Maka jika saya ditanya dari mana inspirasi menulis puisi itu datang? Dari mana saja. Berlimpah ruah inspirasi dari sekitar yang akhirnya membuat saya terdorong untuk menulis kalimat-kalimat puitis. Biasanya begitu inspirasi itu hadir, saya buru-buru mencatat di buku catatan harian; sebagai outline.
Khusus puisi, biasanya saya mencoba menuntaskan saat itu juga. Menulis puisi dengan mood yang masih hangat itu membuat hati saya ikutan hangat. Tidak seperti menulis cerpen yang bisa dilanjutkan nanti lagi, puisi itu lebih baik segera dieksekusi. Itu kalau saya lho yaa...
Ada seorang teman yang berkata bahwa dia hanya bisa menulis puisi tentang cinta-cintaan melulu. Tentang patah hati melulu. It's okay. Style setiap orang tidak sama. Jika dengan itu dia bisa merasakan kenyamanan dan kelegaan, mengapa tidak? Siapa tahu ada 'sumbatan' hati di masa lalu yang harus dibuka dengan menulis puisi.

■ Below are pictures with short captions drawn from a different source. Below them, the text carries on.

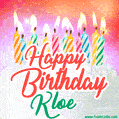 Happy Birthday GIF for Kloe with Birthday Cake and Lit Candles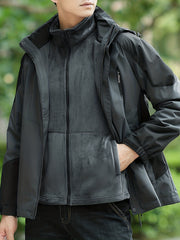 Men's Waterproof Windbreaker Detachable Inner Liner Active Zip Up Hooded Jacket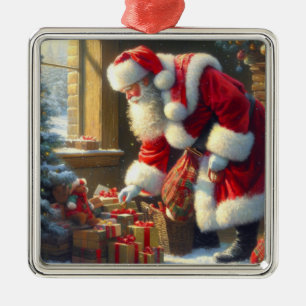 Christmas Santa Claus 3 Metal Tree Decoration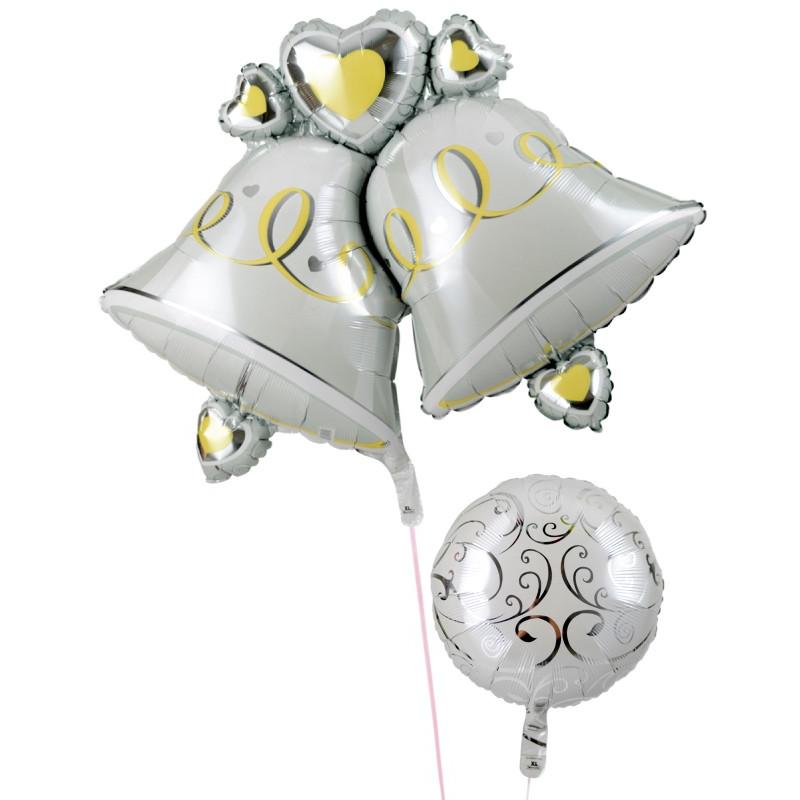 バルーン 結婚式 電報 風船 装飾 ギフト ウェディングベル ホワイト 結婚式バルーン15｜u-balloon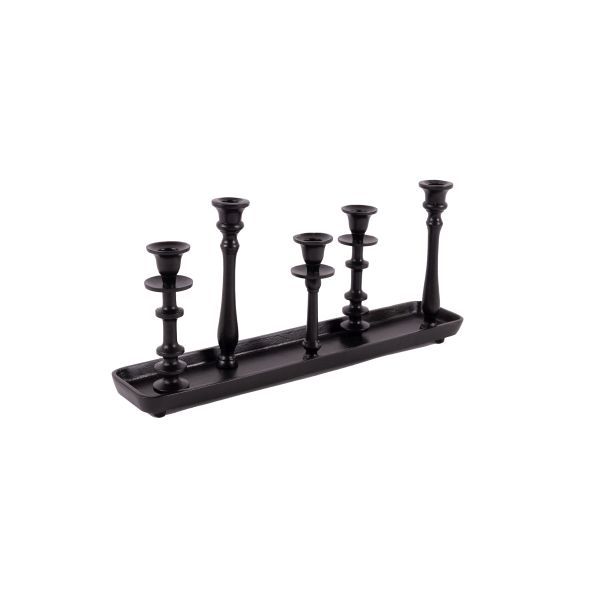 Tischkerzenleuchter 5er Aluguss schwarz HxBxT 20 x 50 x 10 cm Tischkerzenleuchter 5er Aluguss schwarz HxBxT 20 x 50 x 10 cm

Nah, saya sendiri masih terus belajar membuka keran inspirasi agar terus mengucur menjadi sebuah puisi. Salah satu inspirasi terbesar saya adalah ibunda. Tidak perlu jauh-jauh mencari inspirasi karena memang ibunda saya tinggal serumah dengan saya. Segala tentang beliau adalah keajaiban yang jika dituliskan dalam bentuk puisi, mungkin akan berjilid-jilid tebalnya.

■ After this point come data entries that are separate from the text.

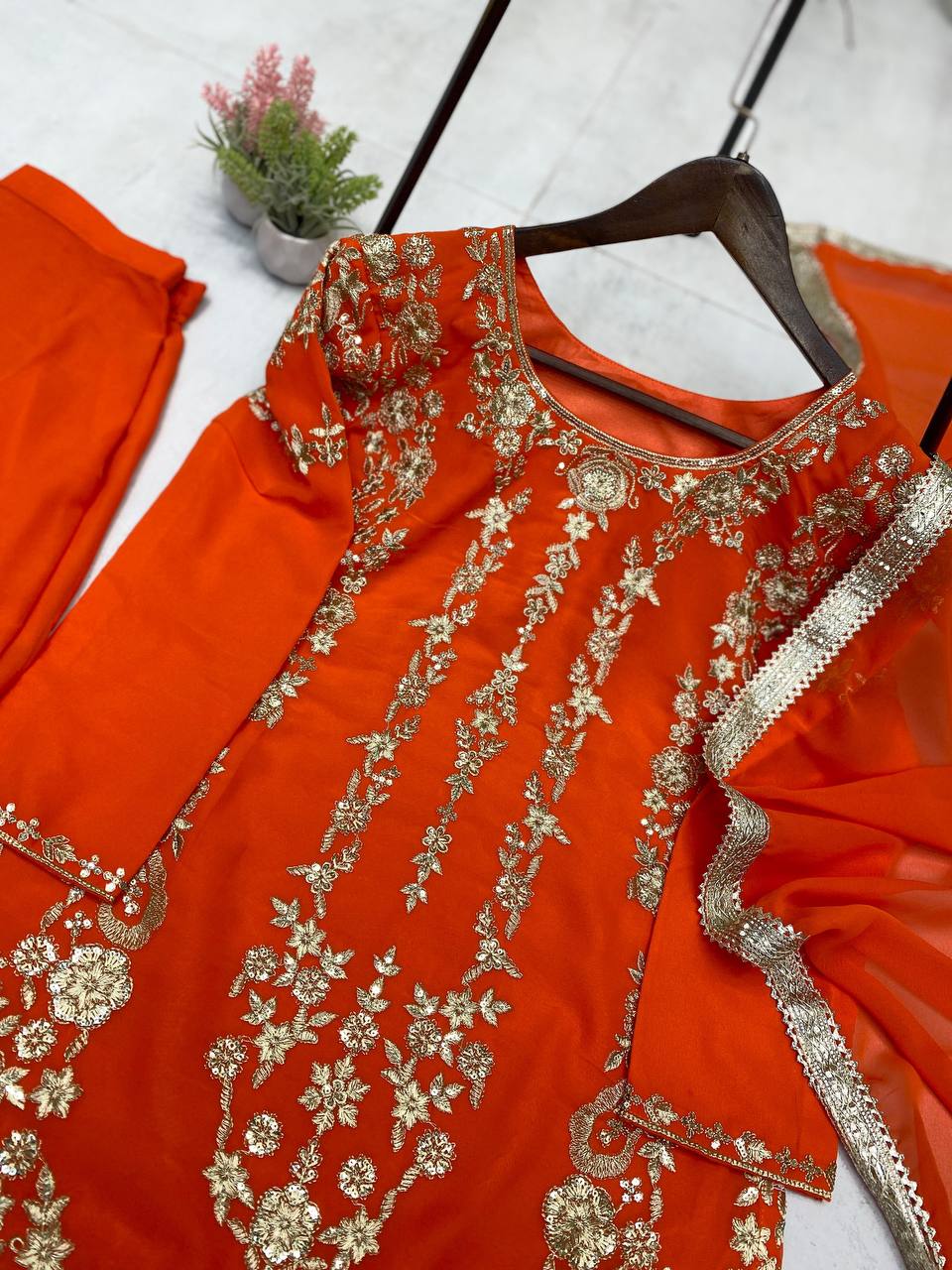 DESIGNER WEAR SARARA SUIT IN THREE PIECE WITH SEQUENCE EMBROIDERY WORK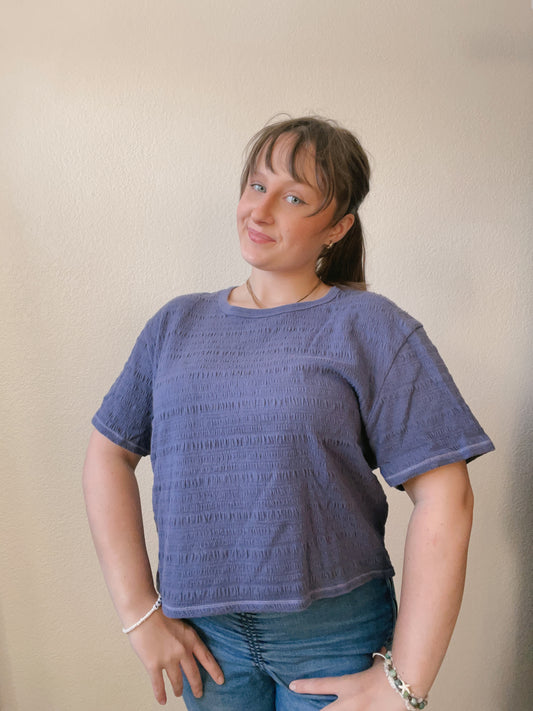 Navy Smocked Crop Top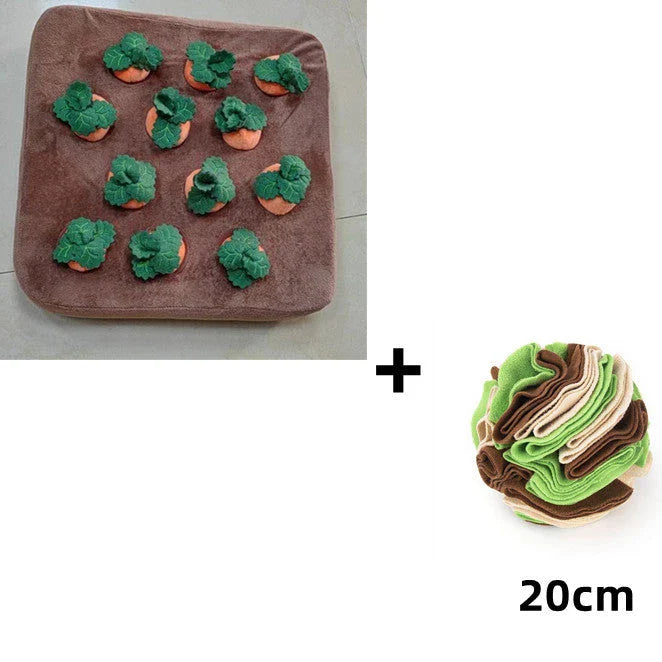 Plush carrot-shaped dog toy in various sizes, made of soft and durable cotton fabric for interactive play and chewing.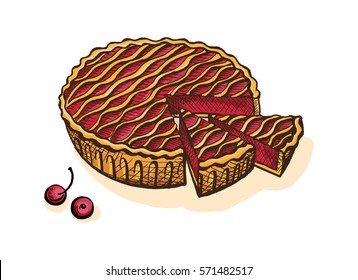 Watercolor cherry pie in graphic style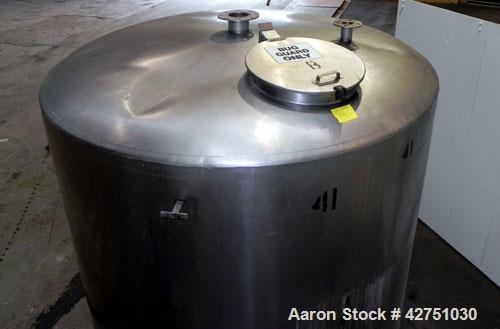 Used Tank, 2000 Gallon, 304 Stainless Steel Vertical. 84" Diameter x 80" straight side. Dished top, coned bottom. Openings top 2", 4", 18" man way with cover, side 2". 3" Tri-clamp center bottom outl...
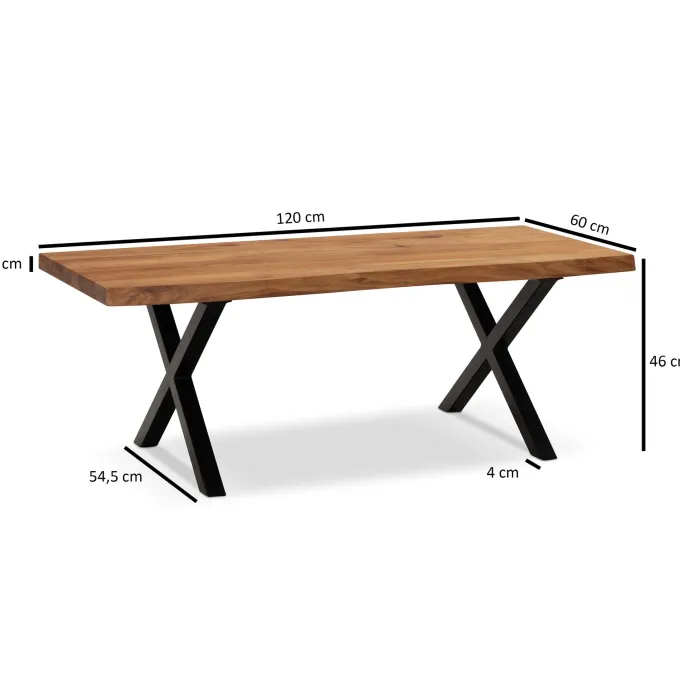 Couchtisch Akazie Massiv 120cm · Wohnzimmertisch Baumkante schwarzes X-Gestell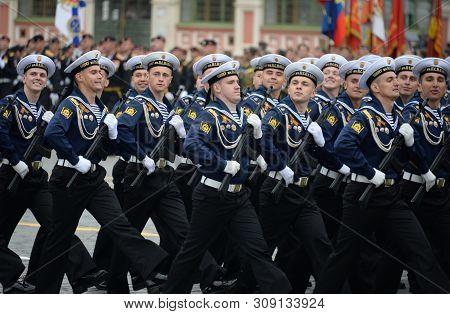 Moscow, Russia - May 9, 2019: Cadets Of The Black Sea Higher Naval School Named After Admiral Nakhim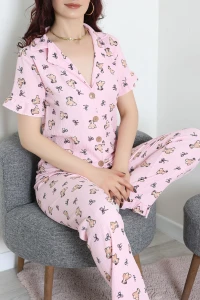 Bürümcük Fırfırlı Pijama Takımı Pudraayı - 127.1287.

Di bawah ini adalah dua puisi karya saya yang menyebutkan sosok ibunda di dalamnya. Pertama, puisi berjudul Serenada Desa yang dimuat dalam buku antologi saya yang ke-7 yaitu Tanah Bandungan. Buku antologi puisi tersebut adalah hasil dari lomba cipta puisi bertema keindahan alam yang diselenggarakan oleh Forum Aishiteru Menulis (FAM) Indonesia.
Ya, tema sebenarnya adalah tentang keindahan alam. Tapi rasanya pas sekali jika keindahan alam itu juga saya kaitkan dengan sosok seorang ibu. Jika puisi bertema sahabat pada tulisan saya sebelumnya termasuk dalam kategori Puisi Deskriptif, maka puisi berjudul Serenada Desa ini adalah Puisi Lirik yang termasuk Ode.

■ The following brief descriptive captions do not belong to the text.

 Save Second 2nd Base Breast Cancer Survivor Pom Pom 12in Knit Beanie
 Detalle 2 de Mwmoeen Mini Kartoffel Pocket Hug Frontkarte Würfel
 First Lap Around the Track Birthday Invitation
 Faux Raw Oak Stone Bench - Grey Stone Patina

Ode adalah puisi yang berisi tentang pujaan terhadap seseorang, suatu hal, atau pun keadaan. Memang, saya memberi judul puisi ini dengan memakai kata Serenada. Tapi puisi ini bukan termasuk jenis Serenada. Nah loh...
Serenada juga termasuk Puisi Lirik yang berupa puisi percintaan yang dapat disajikan dengan nyanyian. Kapan-kapan saja kita bahas yang ini, ya. Sekarang, selamat menyimak puisi di bawah ini. Puisi yang saya buat ketika masih doyan dengan baris-baris panjang. Sekarang sih saya lebih suka menulis puisi yang barisnya lebih pendek.
Serenada Desa
Oleh: Tatiek Purwanti
Sungai landai jernih berbatu-batu
masih seperti yang dulu, Ibu
Gemericik airnya mengaliri
hulu hingga hilir relung hatiku
Hamparan hijau hektaran sawah
Meredakan segala penat lelah
Burung-burung kecil bersenandung merdu
Seumpama kidung surga paling syahdu
Menyambut hadirku
yang berdiri terdiam, terpaku
Di tengah pematang meluaskan pandang
Menghirup lega sekumpulan udara
Mengisi penuh segenap rongga dada
Ibu...
Gunung di ujung berselimut kabut
Serupa kabut di mata teduhmu
Lebat hutan jati di bawah kakinya
Pelindung rimbun tapal batas desa
Seperti hangat kasihmu sepanjang masa
Mereka, rangkaian keajaiban
yang segera kutinggalkan
Betapa sekejap saja liburan
Ya, pada hiruk pikuk kota
kuraih dapatkan segalanya
Tapi hanya ramah indah desa
mampu sejuk memeluk raga
Keelokannya membuai damai
sepenuh rasa di jiwa
Maka kini kupahat sebuah janji hati
Kelak kuhabiskan masaku
pada hening bening desaku
juga bersamamu, Ibu
Malang, 27 September 2017
Kedua, puisi berjudul Meraba Sketsa Ibunda ini dimuat dalam buku antologi puisi Perempuan yang Tak Layu Merindu Tunas Baru. Ini juga hasil lomba menulis puisi di FAM Indonesia dan kali ini memang bertema tentang sosok ibu. Buku antologi tersebut menjadi antologi saya yang ke-8.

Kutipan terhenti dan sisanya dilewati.